__AIM OF THE TASK__. I need all of the entries printed exactly.

__TASK INPUT__.
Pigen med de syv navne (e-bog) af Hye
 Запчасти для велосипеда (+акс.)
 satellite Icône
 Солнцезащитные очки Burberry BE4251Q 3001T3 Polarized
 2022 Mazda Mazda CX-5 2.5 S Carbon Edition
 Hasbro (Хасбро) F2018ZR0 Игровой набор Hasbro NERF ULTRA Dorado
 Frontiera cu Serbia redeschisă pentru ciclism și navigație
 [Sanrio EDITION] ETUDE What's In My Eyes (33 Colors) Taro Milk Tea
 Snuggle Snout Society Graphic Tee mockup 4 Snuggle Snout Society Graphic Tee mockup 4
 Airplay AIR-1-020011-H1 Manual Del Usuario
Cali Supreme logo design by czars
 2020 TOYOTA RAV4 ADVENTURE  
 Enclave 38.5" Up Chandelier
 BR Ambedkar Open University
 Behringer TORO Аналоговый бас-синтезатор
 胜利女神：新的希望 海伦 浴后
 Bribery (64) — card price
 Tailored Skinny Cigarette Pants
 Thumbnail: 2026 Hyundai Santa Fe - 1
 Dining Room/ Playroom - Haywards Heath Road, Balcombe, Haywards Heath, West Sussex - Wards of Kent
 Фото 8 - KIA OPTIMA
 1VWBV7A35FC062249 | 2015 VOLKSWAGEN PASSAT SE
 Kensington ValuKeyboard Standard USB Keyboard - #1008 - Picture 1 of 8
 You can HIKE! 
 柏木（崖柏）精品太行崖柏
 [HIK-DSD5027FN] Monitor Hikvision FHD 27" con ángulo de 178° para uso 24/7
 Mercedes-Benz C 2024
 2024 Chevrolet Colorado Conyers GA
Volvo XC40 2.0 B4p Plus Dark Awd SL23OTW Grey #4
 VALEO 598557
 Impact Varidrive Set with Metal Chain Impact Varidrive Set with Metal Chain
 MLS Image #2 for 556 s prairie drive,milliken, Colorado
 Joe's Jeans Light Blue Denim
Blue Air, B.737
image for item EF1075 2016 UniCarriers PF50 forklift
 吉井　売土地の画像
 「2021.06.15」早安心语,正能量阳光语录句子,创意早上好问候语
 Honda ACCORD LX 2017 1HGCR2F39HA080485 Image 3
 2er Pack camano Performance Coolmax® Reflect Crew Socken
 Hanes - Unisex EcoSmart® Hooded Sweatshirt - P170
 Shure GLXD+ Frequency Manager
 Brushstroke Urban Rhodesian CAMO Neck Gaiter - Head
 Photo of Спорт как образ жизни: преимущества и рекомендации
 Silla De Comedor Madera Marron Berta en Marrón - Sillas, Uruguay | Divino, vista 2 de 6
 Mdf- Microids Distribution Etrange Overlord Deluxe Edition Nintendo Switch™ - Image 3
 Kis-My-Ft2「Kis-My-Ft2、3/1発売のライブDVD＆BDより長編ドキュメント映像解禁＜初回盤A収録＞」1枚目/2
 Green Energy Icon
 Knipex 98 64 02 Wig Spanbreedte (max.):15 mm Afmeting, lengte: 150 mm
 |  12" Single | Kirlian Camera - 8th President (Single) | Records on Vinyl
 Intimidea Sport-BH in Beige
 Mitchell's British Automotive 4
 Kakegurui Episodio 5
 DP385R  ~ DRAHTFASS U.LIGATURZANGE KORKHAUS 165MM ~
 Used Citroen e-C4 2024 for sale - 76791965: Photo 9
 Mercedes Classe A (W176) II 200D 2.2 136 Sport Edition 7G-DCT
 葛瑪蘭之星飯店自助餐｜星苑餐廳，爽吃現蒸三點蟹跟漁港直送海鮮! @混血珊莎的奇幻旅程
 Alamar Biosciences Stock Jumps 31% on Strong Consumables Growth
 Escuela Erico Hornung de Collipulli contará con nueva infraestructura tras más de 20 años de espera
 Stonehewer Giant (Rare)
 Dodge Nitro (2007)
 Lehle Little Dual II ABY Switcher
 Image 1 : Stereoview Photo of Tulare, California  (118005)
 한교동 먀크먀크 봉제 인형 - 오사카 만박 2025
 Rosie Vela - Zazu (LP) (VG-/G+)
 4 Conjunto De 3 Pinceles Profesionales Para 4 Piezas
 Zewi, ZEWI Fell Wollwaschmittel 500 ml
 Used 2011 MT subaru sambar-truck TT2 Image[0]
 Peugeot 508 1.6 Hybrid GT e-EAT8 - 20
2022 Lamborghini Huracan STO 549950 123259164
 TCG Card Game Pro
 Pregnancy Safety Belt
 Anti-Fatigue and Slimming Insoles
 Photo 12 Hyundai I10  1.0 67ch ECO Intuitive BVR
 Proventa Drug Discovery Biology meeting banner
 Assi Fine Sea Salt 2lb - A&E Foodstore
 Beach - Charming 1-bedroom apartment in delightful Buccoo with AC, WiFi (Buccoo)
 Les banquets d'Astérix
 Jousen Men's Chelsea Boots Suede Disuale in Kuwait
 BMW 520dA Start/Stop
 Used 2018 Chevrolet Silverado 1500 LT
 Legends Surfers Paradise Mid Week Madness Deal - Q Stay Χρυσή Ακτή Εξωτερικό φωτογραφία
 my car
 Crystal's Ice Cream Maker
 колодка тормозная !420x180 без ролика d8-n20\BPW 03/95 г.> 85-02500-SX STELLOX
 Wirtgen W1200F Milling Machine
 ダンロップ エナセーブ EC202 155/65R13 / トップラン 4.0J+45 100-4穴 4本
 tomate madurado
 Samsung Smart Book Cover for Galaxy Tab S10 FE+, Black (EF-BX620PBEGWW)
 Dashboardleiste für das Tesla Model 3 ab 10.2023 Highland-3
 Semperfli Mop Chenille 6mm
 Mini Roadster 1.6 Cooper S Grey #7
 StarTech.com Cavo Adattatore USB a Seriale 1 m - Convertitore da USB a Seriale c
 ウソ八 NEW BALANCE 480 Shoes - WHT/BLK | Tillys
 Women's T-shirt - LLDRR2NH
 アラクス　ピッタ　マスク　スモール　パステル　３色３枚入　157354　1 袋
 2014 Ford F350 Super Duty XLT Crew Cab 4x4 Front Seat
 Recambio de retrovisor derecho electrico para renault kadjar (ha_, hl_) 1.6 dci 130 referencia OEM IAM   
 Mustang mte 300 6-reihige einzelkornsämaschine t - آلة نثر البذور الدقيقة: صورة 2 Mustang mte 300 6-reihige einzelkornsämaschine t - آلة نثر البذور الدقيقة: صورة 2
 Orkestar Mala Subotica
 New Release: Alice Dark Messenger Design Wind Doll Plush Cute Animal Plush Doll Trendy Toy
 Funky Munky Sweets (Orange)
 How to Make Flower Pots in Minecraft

__YOUR SOLUTION__.
Pigen med de syv navne (e-bog) af Hye
 Запчасти для велосипеда (+акс.)
 satellite Icône
 Солнцезащитные очки Burberry BE4251Q 3001T3 Polarized
 2022 Mazda Mazda CX-5 2.5 S Carbon Edition
 Hasbro (Хасбро) F2018ZR0 Игровой набор Hasbro NERF ULTRA Dorado
 Frontiera cu Serbia redeschisă pentru ciclism și navigație
 [Sanrio EDITION] ETUDE What's In My Eyes (33 Colors) Taro Milk Tea
 Snuggle Snout Society Graphic Tee mockup 4 Snuggle Snout Society Graphic Tee mockup 4
 Airplay AIR-1-020011-H1 Manual Del Usuario
Cali Supreme logo design by czars
 2020 TOYOTA RAV4 ADVENTURE  
 Enclave 38.5" Up Chandelier
 BR Ambedkar Open University
 Behringer TORO Аналоговый бас-синтезатор
 胜利女神：新的希望 海伦 浴后
 Bribery (64) — card price
 Tailored Skinny Cigarette Pants
 Thumbnail: 2026 Hyundai Santa Fe - 1
 Dining Room/ Playroom - Haywards Heath Road, Balcombe, Haywards Heath, West Sussex - Wards of Kent
 Фото 8 - KIA OPTIMA
 1VWBV7A35FC062249 | 2015 VOLKSWAGEN PASSAT SE
 Kensington ValuKeyboard Standard USB Keyboard - #1008 - Picture 1 of 8
 You can HIKE! 
 柏木（崖柏）精品太行崖柏
 [HIK-DSD5027FN] Monitor Hikvision FHD 27" con ángulo de 178° para uso 24/7
 Mercedes-Benz C 2024
 2024 Chevrolet Colorado Conyers GA
Volvo XC40 2.0 B4p Plus Dark Awd SL23OTW Grey #4
 VALEO 598557
 Impact Varidrive Set with Metal Chain Impact Varidrive Set with Metal Chain
 MLS Image #2 for 556 s prairie drive,milliken, Colorado
 Joe's Jeans Light Blue Denim
Blue Air, B.737
image for item EF1075 2016 UniCarriers PF50 forklift
 吉井　売土地の画像
 「2021.06.15」早安心语,正能量阳光语录句子,创意早上好问候语
 Honda ACCORD LX 2017 1HGCR2F39HA080485 Image 3
 2er Pack camano Performance Coolmax® Reflect Crew Socken
 Hanes - Unisex EcoSmart® Hooded Sweatshirt - P170
 Shure GLXD+ Frequency Manager
 Brushstroke Urban Rhodesian CAMO Neck Gaiter - Head
 Photo of Спорт как образ жизни: преимущества и рекомендации
 Silla De Comedor Madera Marron Berta en Marrón - Sillas, Uruguay | Divino, vista 2 de 6
 Mdf- Microids Distribution Etrange Overlord Deluxe Edition Nintendo Switch™ - Image 3
 Kis-My-Ft2「Kis-My-Ft2、3/1発売のライブDVD＆BDより長編ドキュメント映像解禁＜初回盤A収録＞」1枚目/2
 Green Energy Icon
 Knipex 98 64 02 Wig Spanbreedte (max.):15 mm Afmeting, lengte: 150 mm
 |  12" Single | Kirlian Camera - 8th President (Single) | Records on Vinyl
 Intimidea Sport-BH in Beige
 Mitchell's British Automotive 4
 Kakegurui Episodio 5
 DP385R  ~ DRAHTFASS U.LIGATURZANGE KORKHAUS 165MM ~
 Used Citroen e-C4 2024 for sale - 76791965: Photo 9
 Mercedes Classe A (W176) II 200D 2.2 136 Sport Edition 7G-DCT
 葛瑪蘭之星飯店自助餐｜星苑餐廳，爽吃現蒸三點蟹跟漁港直送海鮮! @混血珊莎的奇幻旅程
 Alamar Biosciences Stock Jumps 31% on Strong Consumables Growth
 Escuela Erico Hornung de Collipulli contará con nueva infraestructura tras más de 20 años de espera
 Stonehewer Giant (Rare)
 Dodge Nitro (2007)
 Lehle Little Dual II ABY Switcher
 Image 1 : Stereoview Photo of Tulare, California  (118005)
 한교동 먀크먀크 봉제 인형 - 오사카 만박 2025
 Rosie Vela - Zazu (LP) (VG-/G+)
 4 Conjunto De 3 Pinceles Profesionales Para 4 Piezas
 Zewi, ZEWI Fell Wollwaschmittel 500 ml
 Used 2011 MT subaru sambar-truck TT2 Image[0]
 Peugeot 508 1.6 Hybrid GT e-EAT8 - 20
2022 Lamborghini Huracan STO 549950 123259164
 TCG Card Game Pro
 Pregnancy Safety Belt
 Anti-Fatigue and Slimming Insoles
 Photo 12 Hyundai I10  1.0 67ch ECO Intuitive BVR
 Proventa Drug Discovery Biology meeting banner
 Assi Fine Sea Salt 2lb - A&E Foodstore
 Beach - Charming 1-bedroom apartment in delightful Buccoo with AC, WiFi (Buccoo)
 Les banquets d'Astérix
 Jousen Men's Chelsea Boots Suede Disuale in Kuwait
 BMW 520dA Start/Stop
 Used 2018 Chevrolet Silverado 1500 LT
 Legends Surfers Paradise Mid Week Madness Deal - Q Stay Χρυσή Ακτή Εξωτερικό φωτογραφία
 my car
 Crystal's Ice Cream Maker
 колодка тормозная !420x180 без ролика d8-n20\BPW 03/95 г.> 85-02500-SX STELLOX
 Wirtgen W1200F Milling Machine
 ダンロップ エナセーブ EC202 155/65R13 / トップラン 4.0J+45 100-4穴 4本
 tomate madurado
 Samsung Smart Book Cover for Galaxy Tab S10 FE+, Black (EF-BX620PBEGWW)
 Dashboardleiste für das Tesla Model 3 ab 10.2023 Highland-3
 Semperfli Mop Chenille 6mm
 Mini Roadster 1.6 Cooper S Grey #7
 StarTech.com Cavo Adattatore USB a Seriale 1 m - Convertitore da USB a Seriale c
 ウソ八 NEW BALANCE 480 Shoes - WHT/BLK | Tillys
 Women's T-shirt - LLDRR2NH
 アラクス　ピッタ　マスク　スモール　パステル　３色３枚入　157354　1 袋
 2014 Ford F350 Super Duty XLT Crew Cab 4x4 Front Seat
 Recambio de retrovisor derecho electrico para renault kadjar (ha_, hl_) 1.6 dci 130 referencia OEM IAM   
 Mustang mte 300 6-reihige einzelkornsämaschine t - آلة نثر البذور الدقيقة: صورة 2 Mustang mte 300 6-reihige einzelkornsämaschine t - آلة نثر البذور الدقيقة: صورة 2
 Orkestar Mala Subotica
 New Release: Alice Dark Messenger Design Wind Doll Plush Cute Animal Plush Doll Trendy Toy
 Funky Munky Sweets (Orange)
 How to Make Flower Pots in Minecraft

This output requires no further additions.